リビングに戻りアリステアに書き置きを見せる。


彼女は目を見開き息を呑んだが、すぐに眉間にシワを寄せ表情を険しくする。


「キャロル!探しに行くわよ!準備してちょうだい!ヒギンズも呼びなさい!!」


(まぁそう言うわよね)


その反応は予想通りとばかりに、キャロルは静かに宥めにかかる。


「アーティ、私達が坊っちゃまの姿を最後に見かけたのは昨夜の夕食時です。出て行った時間は不明ですが、私達が寝ている間だとすると、短くても鐘7つは経っています。もう既にこの近辺にはいないでしょう。宛も無くどこをどうやって探すおつもりですか?」


冷静な指摘は、アリステアの神経をこれ以上なく刺激した。


「キャロル!あんたなんでそんなに落ち着いているの!!キースが心配じゃないのっ!?」


視線だけで心臓が射抜かれそうな、鋭い目付きでキャロルに詰め寄ってくる。


現役時代はこんな迫力だったのだろうと思わせる。


しかし、キャロルは、アリステアが激すればするほど、逆に自分は冷静になるのを感じていた。


静かに続ける。


「こういう時に、落ち着いて一歩引いたところから意見を言うのが私の役目です。冒険者になるなら、ここから一番近いのは王都です。冒険者ギルドのディックに経緯を知らせて、坊っちゃまが行っていないか確認してもらいましょう。彼なら間違いなく対応してくれるはずです。手紙を書いて転送の魔法陣で送るのはいかがですか?」


鼻息の荒いアリステアは、肩まで上下に動かしながら、無言でキャロルをにらみつける。


必死に落ち着こうとしているのだ。


アリステアは別に暴君ではない。スイッチが入るとちょっと色々と勢いがよくなるだけだ。

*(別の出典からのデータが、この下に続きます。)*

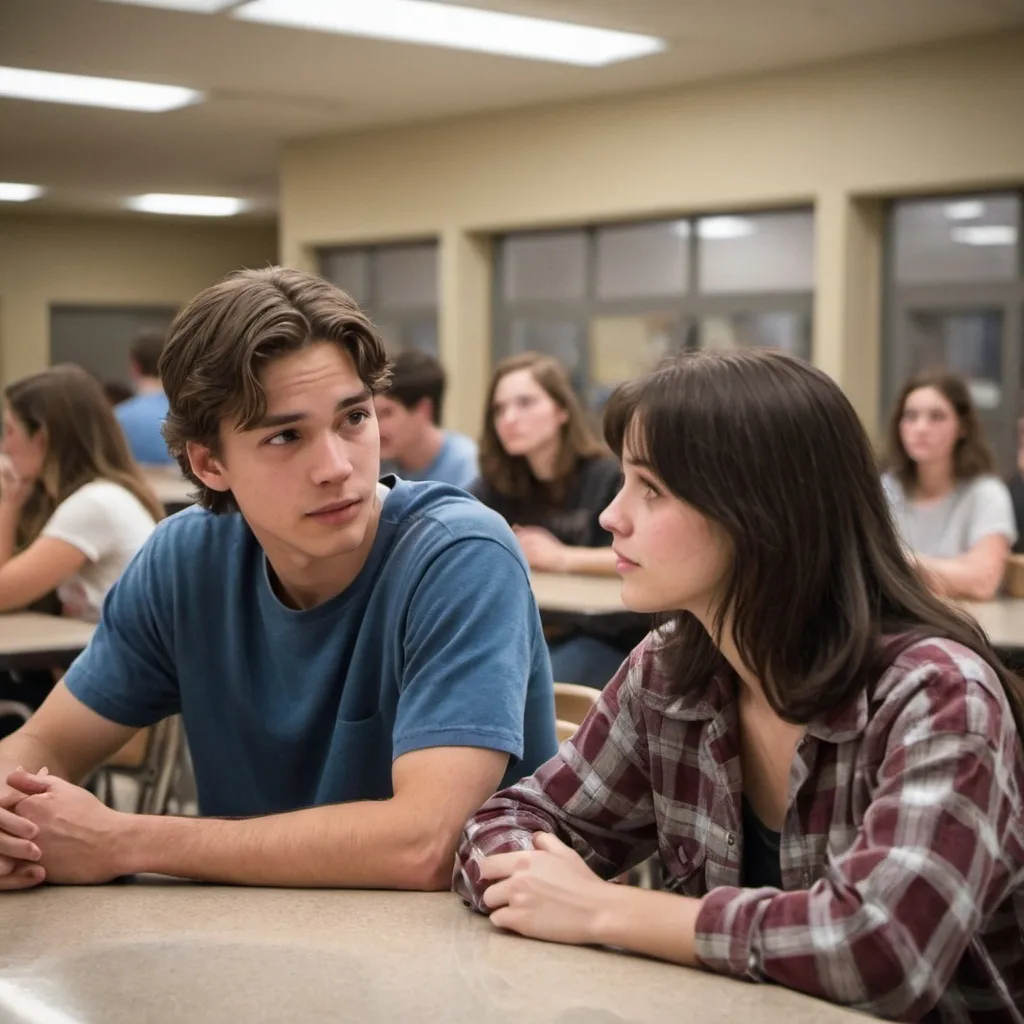 Prompt: A young couple, John and Lisa, sitting at a college cafeteria, deep in conversation, with other students in the background. They share a quiet connection, captured in the way they look at each other amidst the college chaos.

王都の重要施設や各町の代官の庁舎には、有事の際の指示伝達・情報共有の為に、物質転送用の魔法陣が設置されている。


指示や情報が書かれた書類を転送し、国をあげて緊急事態に対応する為だ。


アリステアはとうに引退したとはいえ、まだまだ各方面に大きな影響力を持つ重要人物だ。


自宅にそういった所と繋がっている転送の魔法陣があっても不思議ではない。


国としてはつながりを維持し、良好な関係を築いておきたい人物なのだ。


「落ち着いて手紙なんて書ける気分じゃないわ!音声保存の魔導具を持ってきなさい!」


この魔導具は魔力を流している間、声や音を保存することができる。その後手に持って魔力を流せば再生される。これに声を入れギルドに送ろうというのだ。

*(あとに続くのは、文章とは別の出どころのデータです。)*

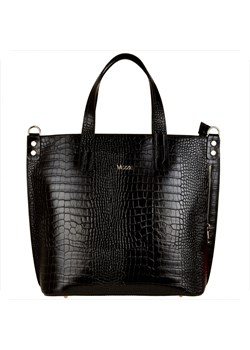 Vezze torba skórzana shopper bag czarna wzór wężowej skóry ze sklepu melon.pl w kategorii Torby Shopper bag - zdjęcie 133015542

「かしこまりました。すぐに持ってまいります。後、ヒギンズもここへ呼びますね。今頃は倉庫の整理をしているはずです。」


キャロルがリビングを出ようとするところを、アリステアが呼び止める。



「キャロル」


「はい」


「ごめん。ありがとう」


「いいえ。お気になさらず」


デキる家政婦はうふふと静かに笑い、改めて部屋を出ていった。


アリステアは椅子にかけて、すっかり冷めてしまったお茶を一口飲みため息をつく。


まさかあの天使のように可愛い素直なキースが家出までするとは、完全に予想外だった。


キースが冒険者になりたがっているのは、間違いなく自分のせいなのだ。


アリステアは、息子夫婦が留守にする時には、いつもキースを預かって面倒をみていた。


その時に、昔話の代わりに、自分や他の冒険者の経験談を面白おかしくして聞かせていた。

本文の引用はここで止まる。